Our week-long, random, relaxing trip to Dubai has come to an end, and I'm not exactly sure what to write in this blog entry. Dubai is quite an amazing city. It's young, incredibly wealthy, over-the-top, yet deeply grounded in the Arabian Peninsula's rich Islamic tradition. I had heard tidbits about Dubai before arriving: a perfect 21st-century city, a city hell-bent on breaking every urban record imaginable, "the gem of the Middle East," etc.

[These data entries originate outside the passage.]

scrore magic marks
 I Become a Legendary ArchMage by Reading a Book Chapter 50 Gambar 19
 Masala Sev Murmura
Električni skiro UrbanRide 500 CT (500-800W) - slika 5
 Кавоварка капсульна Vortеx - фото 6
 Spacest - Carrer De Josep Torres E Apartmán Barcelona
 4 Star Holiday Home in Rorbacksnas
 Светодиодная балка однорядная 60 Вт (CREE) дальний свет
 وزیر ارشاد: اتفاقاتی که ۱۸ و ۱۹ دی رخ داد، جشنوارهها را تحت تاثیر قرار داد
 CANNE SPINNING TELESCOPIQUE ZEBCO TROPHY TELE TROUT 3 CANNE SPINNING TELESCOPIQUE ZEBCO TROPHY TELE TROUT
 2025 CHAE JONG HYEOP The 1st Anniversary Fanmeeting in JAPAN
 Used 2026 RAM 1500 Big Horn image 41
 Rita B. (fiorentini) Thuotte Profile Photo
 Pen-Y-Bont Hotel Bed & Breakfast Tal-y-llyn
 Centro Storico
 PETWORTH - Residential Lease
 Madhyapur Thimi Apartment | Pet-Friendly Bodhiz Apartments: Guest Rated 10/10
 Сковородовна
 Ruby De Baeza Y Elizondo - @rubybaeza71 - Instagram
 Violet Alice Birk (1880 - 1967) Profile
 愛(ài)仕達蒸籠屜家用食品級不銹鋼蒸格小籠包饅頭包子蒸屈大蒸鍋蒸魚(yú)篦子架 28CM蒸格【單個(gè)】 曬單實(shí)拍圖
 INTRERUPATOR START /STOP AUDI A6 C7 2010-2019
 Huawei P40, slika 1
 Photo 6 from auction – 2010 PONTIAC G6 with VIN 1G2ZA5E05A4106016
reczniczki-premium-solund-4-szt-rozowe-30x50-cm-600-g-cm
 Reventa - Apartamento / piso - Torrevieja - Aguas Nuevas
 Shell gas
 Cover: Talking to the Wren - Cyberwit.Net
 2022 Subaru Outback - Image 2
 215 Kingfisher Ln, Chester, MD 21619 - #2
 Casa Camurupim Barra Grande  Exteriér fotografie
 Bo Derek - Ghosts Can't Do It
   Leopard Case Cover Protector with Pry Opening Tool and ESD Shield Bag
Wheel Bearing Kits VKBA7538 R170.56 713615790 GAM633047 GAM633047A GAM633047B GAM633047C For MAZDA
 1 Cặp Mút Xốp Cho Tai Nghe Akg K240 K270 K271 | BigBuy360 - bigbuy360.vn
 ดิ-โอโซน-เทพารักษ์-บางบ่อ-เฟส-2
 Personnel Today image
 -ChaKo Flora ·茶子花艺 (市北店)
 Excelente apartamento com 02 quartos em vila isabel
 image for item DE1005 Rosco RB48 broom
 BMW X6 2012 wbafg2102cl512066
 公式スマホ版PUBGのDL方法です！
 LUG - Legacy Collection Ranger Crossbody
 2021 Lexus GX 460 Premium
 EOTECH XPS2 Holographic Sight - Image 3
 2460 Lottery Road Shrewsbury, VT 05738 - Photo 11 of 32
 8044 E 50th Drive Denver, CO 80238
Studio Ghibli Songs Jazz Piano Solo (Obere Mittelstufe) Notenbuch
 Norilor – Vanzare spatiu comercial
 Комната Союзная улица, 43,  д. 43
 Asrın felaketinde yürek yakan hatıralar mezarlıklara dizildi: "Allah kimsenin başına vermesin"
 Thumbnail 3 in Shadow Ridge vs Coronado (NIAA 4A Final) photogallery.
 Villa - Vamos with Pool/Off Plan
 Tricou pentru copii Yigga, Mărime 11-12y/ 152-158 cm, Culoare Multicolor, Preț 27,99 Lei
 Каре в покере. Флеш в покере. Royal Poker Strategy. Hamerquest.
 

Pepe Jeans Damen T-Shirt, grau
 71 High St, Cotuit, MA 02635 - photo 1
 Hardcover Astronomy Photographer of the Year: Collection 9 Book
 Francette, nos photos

I don't have a lot to say about my experiences in Dubai, but I can say that everything that I expected from the city is basically true. The skyline alone is worth the trip. In addition to the world's tallest building--which towers over the whole city in an unimaginable way--the city boasts a hodgepodge of interesting and awe-inspiring architecture. One day, Mike and I went for a long walk through downtown, gawking at all of the buildings. Perhaps it's just because I've been out of big cities (except Bangkok) for a while, but I don't think so. Dubai has built itself up into an extremely impressive city.

Dubai Skyline.
The World's Tallest building.
One of Dubai's many upscale malls.

In Jumeirah, the beach resort area of the city, there are some amazing hotels. Our trip happened to coincide with Art Dubai, the city's big art festival. It was held at an enormous Vegas-style hotel resort, which Lonely Planet described as "a city within a city." Within moments of entering the art exhibits, Mike and I felt entirely out of place. It was perhaps the most bourgeois affair I have ever attended--suited socialites drinking cocktails, high-brow artists showcasing their works, the whole nine yards. Even so, the exhibits were really awesome, and we were lucky to stumble upon it.
The view from one of the luxury resorts in Jumeirah.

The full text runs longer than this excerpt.